Isabel

Assentava-lhe, tão bem como a um dia de calor uma cerveja gelada, o vestido verde de linho que tinha posto no dia em nos conhecemos e só resolveu vestir dez anos mais tarde, quando, temendo aproximar-se uma mulher mais nova, lhe apeteceu reatar a relação no ponto onde em sua opinião eu tinha deixado de achá-la sensual.

Vivia-se o que ficaria para a posteridade conhecido pelo verão quente de mil novecentos e setenta, mas só pela particularidade das temperaturas altas mesmo para aquela época do ano. Entre portas, a vida política nacional era uma pasmaceira e nem a recente morte de Oliveira Salazar rompera o bloqueio imposto por um regime de governação que, a quem tinha a coragem de o afrontar, mandava decapitar como se fossem avessos ao ideal de fraternidade entre os povos que os franceses saídos da revolução do século dezoito se alegraram por anunciar ao mundo.
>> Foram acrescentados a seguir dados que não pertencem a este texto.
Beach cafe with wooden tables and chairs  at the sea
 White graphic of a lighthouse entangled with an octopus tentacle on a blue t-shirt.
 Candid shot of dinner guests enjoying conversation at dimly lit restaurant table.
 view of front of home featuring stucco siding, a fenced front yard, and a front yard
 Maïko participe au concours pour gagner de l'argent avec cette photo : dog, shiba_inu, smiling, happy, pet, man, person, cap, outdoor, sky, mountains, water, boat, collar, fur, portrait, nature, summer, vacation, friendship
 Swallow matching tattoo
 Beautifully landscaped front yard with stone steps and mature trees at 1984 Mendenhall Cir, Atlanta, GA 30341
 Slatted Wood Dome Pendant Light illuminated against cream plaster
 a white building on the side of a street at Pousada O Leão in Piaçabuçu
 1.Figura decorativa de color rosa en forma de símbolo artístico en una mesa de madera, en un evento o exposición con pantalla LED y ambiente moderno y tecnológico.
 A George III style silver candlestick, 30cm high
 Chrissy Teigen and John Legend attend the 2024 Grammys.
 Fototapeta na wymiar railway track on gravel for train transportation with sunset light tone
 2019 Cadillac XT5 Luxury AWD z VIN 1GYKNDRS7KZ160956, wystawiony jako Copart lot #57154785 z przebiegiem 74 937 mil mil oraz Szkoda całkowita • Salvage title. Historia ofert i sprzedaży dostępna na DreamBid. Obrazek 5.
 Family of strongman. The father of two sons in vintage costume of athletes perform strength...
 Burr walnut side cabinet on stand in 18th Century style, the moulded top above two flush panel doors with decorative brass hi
Traváramos conhecimento um ou duas semanas antes, na casa de campo do pai de uma amiga do primo dela, que se chamava João, e andava exilado em França, num subúrbio da capital gaulesa de onde Mário Soares opinava sobre oque se passava por cá, como se, quando regressasse, não planeasse tornar-se Primeiro-ministro da nação para não ver reverter-se a situação e poderem vir a criticá-lo tão asperamente como ele gostava de fazer aos outros.

O nome dela é Isabel e se bem me lembro possuía olhos de felino em que os meus se refletiam, como se o estado de alma que eles espelhassem fosse o meu e não o dela, cintura elegante, um peito insinuante e uma forma de andar que insinuava tratar-se de uma mulher muito segura de si, apesar de ser bastante jovem.

Vestia-se bem, como quando ia deitar-se, com a sua melhor indumentária e muito bem penteada, não fosse encontrar-se, quando passeasse na rua, com um rapaz que achasse interessante ou, então quando estivesse a dormir, cruzar-se com um príncipe de sonho que a convidasse a montar com ele um magnífico cavalo branco.

Sem temor do que pensassem, falava pelos cotovelos, sem receio do que, sempre que me contava a mesma história mas de maneira diferente, eu pudesse conferir-lhe outra interpretação. E se nem sempre era acompanhadas de um beijo que vinham todas as declarações de amor que me fazia, era só talvez porque para ilustrar melhor o que tão bem dizia, o natural seria que tivesse de exemplificar com uma demonstração maior de afeto como um ato explícito de intimidade sexual.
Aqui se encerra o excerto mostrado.